-
Notifications
You must be signed in to change notification settings - Fork 16.6k
Description
Apache Airflow version:
1.10
Environment:
- Cloud provider or hardware configuration:
On docker container (puckel/docker-airflow:1.10.9)
- OS (e.g. from /etc/os-release):
Debian GNU/Linux 10 (buster)
- Kernel (e.g.
uname -a):
Linux 3bf5943b9fbd 5.4.0-1025-gcp #25-Ubuntu SMP Fri Sep 11 15:02:15 UTC 2020 x86_64 GNU/Linux
- Install tools:
Docker (puckel/docker-airflow:1.10.9)
What happened:
While using MySqlToGoogleCloudStorageOperator, some dumps of tables uploaded to GCS had much less records than ones in source table. For example:
- source table: 890,206 records
- dump on GCS: 302,014 records
The definition of operator is:
chunk_filesize = 256 * 1024 * 1024 # chunk size of files are 256MB
MySqlToGoogleCloudStorageOperator(
task_id=task_id,
mysql_conn_id=MYSQL_CONN,
google_cloud_storage_conn_id=GCS_CONN,
sql="SELECT * FROM some_table;",
bucket=BUCKET_NAME,
filename='file_name_in_bucket',
schema_filename="schema_filename_in_bucket"

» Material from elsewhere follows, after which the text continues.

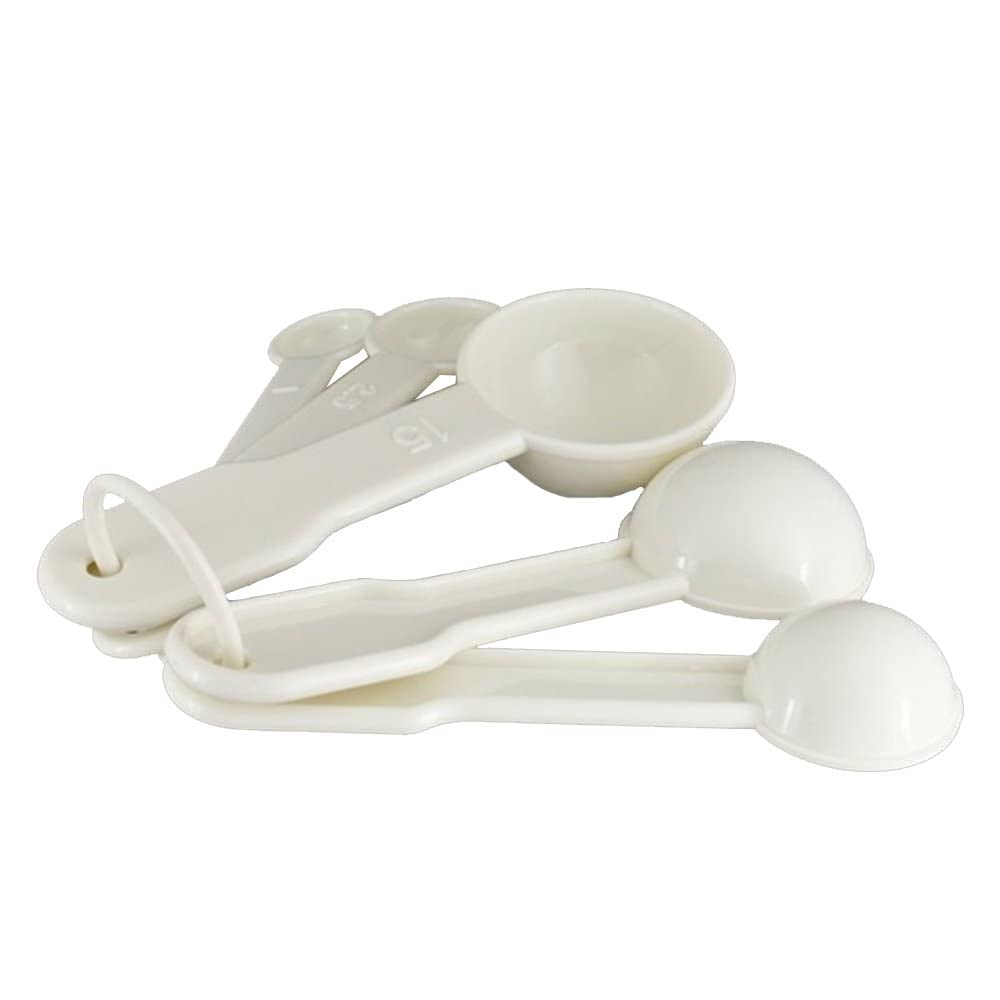 Premium 5-Piece Resin Measuring Spoons Set - Accurate for Dry & Liquid Ingredients (Oil, Water, Vinegar, Sauces, Sugar, Honey) - Perfect for Baking, Cooking & Meal Prep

approx_max_file_size_bytes=chunk_filesize,
dag=DAG,
)What you expected to happen:
I expected that complete number of records are uploaded to GCS.
I suppose that the problem is caused when records are dumped into multiple files while dumping records from tables. However, the operator overwrites the files while uploading to GCS. The files are splitted by approx_max_file_size_bytes (default: 1900000000bytes).
The temporary files are splitted by approx_max_file_size_bytes at the lines below.
https://github.com/apache/airflow/blob/v1-10-stable/airflow/contrib/operators/sql_to_gcs.py#L183-L196
Then, the multiple temporary files are passed to GcsHook.upload in for loop.
https://github.com/apache/airflow/blob/v1-10-stable/airflow/contrib/operators/sql_to_gcs.py#L265-L277
However, each temporary files are overwritten by give filename (object name) in each iteration.
https://github.com/apache/airflow/blob/master/airflow/providers/google/cloud/hooks/gcs.py#L371-L374
This operator should be expected to upload and/or merge multiple temporary files into one object file that includes complete records of source table.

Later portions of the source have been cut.